US and India See Link To Militants in Pakistan


American and Indian authorities said Tuesday that there was now little doubt that militants inside Pakistan had directed the terrorist attacks in Mumbai. Indian officials said they had identified three or four masterminds of the deadly assault, stepping up pressure on Pakistan to act against the perpetrators of one of the worst terrorist attacks in India’s history.

The emerging consensus came as the Bush administration increased its diplomatic efforts to defuse tensions between India and Pakistan over the attacks, dispatching the chairman of the Joint Chiefs of Staff, Adm. Mike Mullen, to the region.

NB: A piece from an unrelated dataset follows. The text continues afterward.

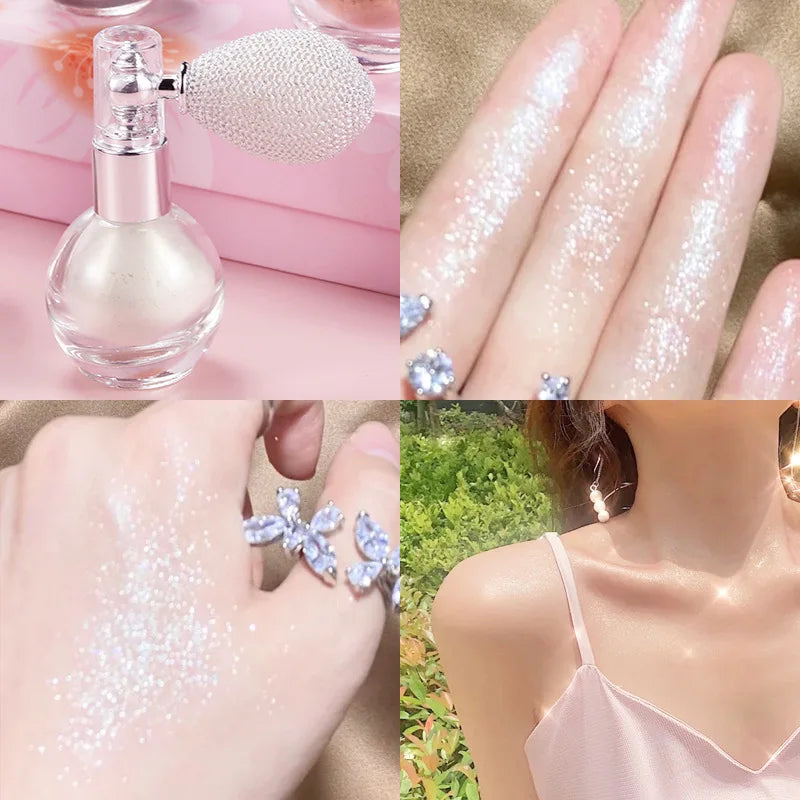 Diamond Highlighter Powder Spray Waterproof High Gloss Glitter Body Bronzer Highlight Powder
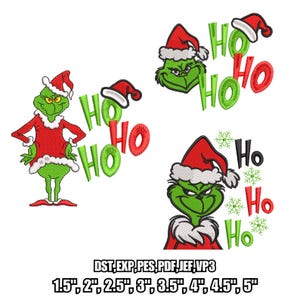 May include: Embroidered designs featuring the Grinch in a Santa hat, with the words "Ho Ho Ho". The Grinch is depicted in various poses, wearing a red Santa suit. The image includes text indicating file formats and sizes.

He will join Secretary of State Condoleezza Rice, who was scheduled to arrive in India on Wednesday. Both officials are expected to issue stern warnings to the government of Pakistan to crack down on militant groups in Pakistan near its borders with Indian-administered Kashmir and with Afghanistan, top American aides said. Two senior American officials said Tuesday that the United States had warned India in mid-October of possible terrorist attacks against “touristy areas frequented by Westerners” in Mumbai, but that the information was not specific. Nonetheless, the officials said, the warning echoed other general alerts this year by India’s intelligence agency, raising questions about the adequacy of India’s counterterrorism measures. Details of the attack planners also became clearer on Tuesday.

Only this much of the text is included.